Der Bremer Wirtschaftswissenschaftler Rudolf Hickel meint, über die Motive für die Nichtannahme des Angebots ließen sich derzeit nur Vermutungen anstellen: "Offensichtlich reicht der angebotene, vergleichsweise hohe Kurs von 44 Euro pro Aktie trotz der über Jahre nicht beziehungsweise nur gering ausgeschütteten Dividende nicht aus, die Aktien in Bargeld umzutauschen." Das Unternehmen habe sich durch seinen Erfolg diese starke Aktionärsbindung selbst verdient. "Generell nimmt beim Aktienerwerb das Motiv zu, statt schnelle Kursgewinne und hohe Dividenden einzustreichen, auch gute Qualität im Portfolio zu platzieren", so Hickel.
OHB und der Investor KKR wollen abwarten, wie viele Aktionäre dem Übernahmeangebot in der zweiten Runde zustimmen.
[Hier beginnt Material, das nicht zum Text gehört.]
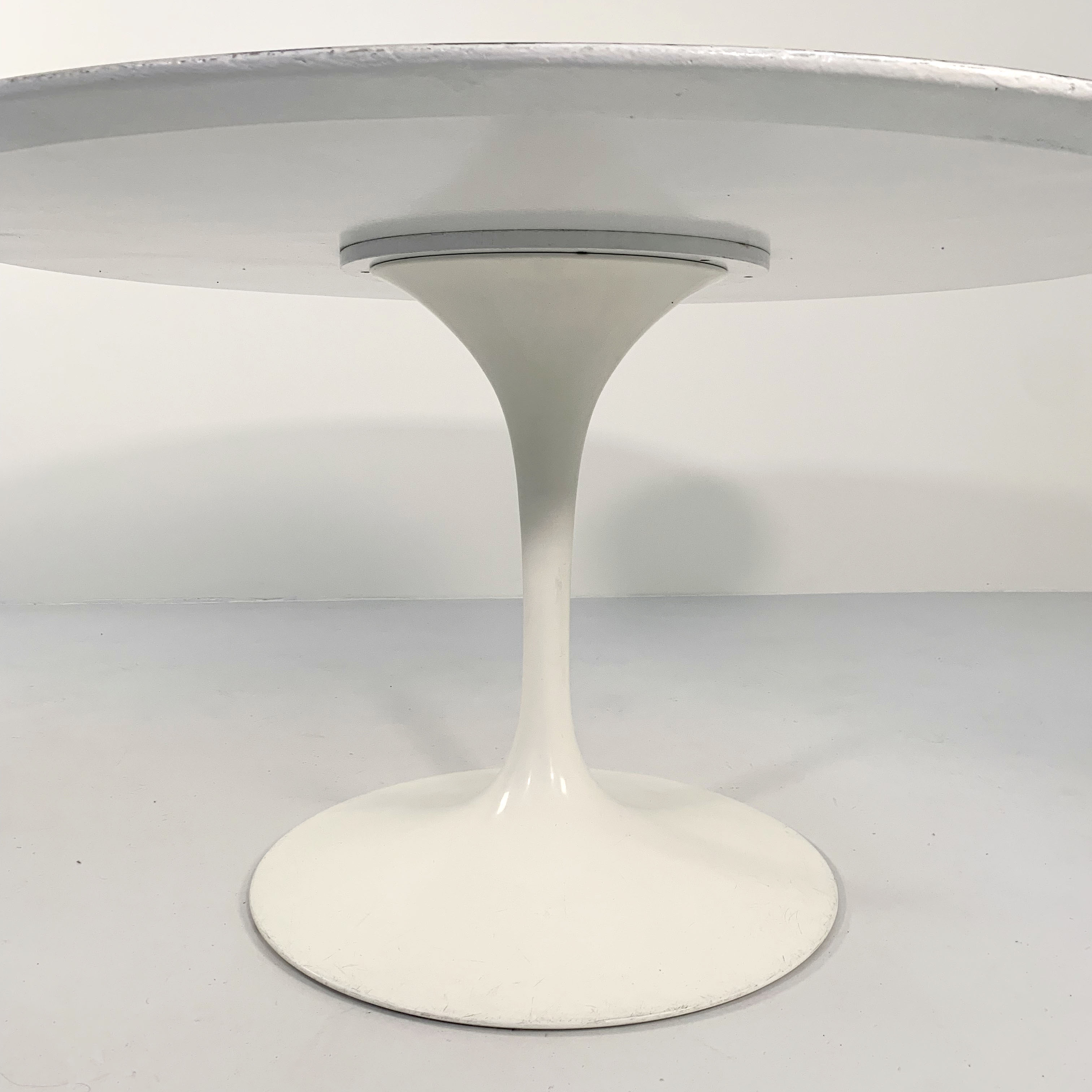 Laminated table Tulip 137 cm by Eero Saarinen edited by Knoll, 1970s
Eine Mindestannahmequote für das Zustandekommen des Deals gibt es nicht. Denkbar sei also auch, heißt es seitens der Beteiligten, dass am Ende die Familie Fuchs und KKR zusammen über mehr als 90 Prozent der Aktien verfügen und das Unternehmen von der Börse genommen wird, obwohl nicht alle Aktionäre ihre Anteile verkauft haben. Der fünfköpfige Aufsichtsrat soll bestehen bleiben; KKR wird künftig einen Vertreter dorthin entsenden.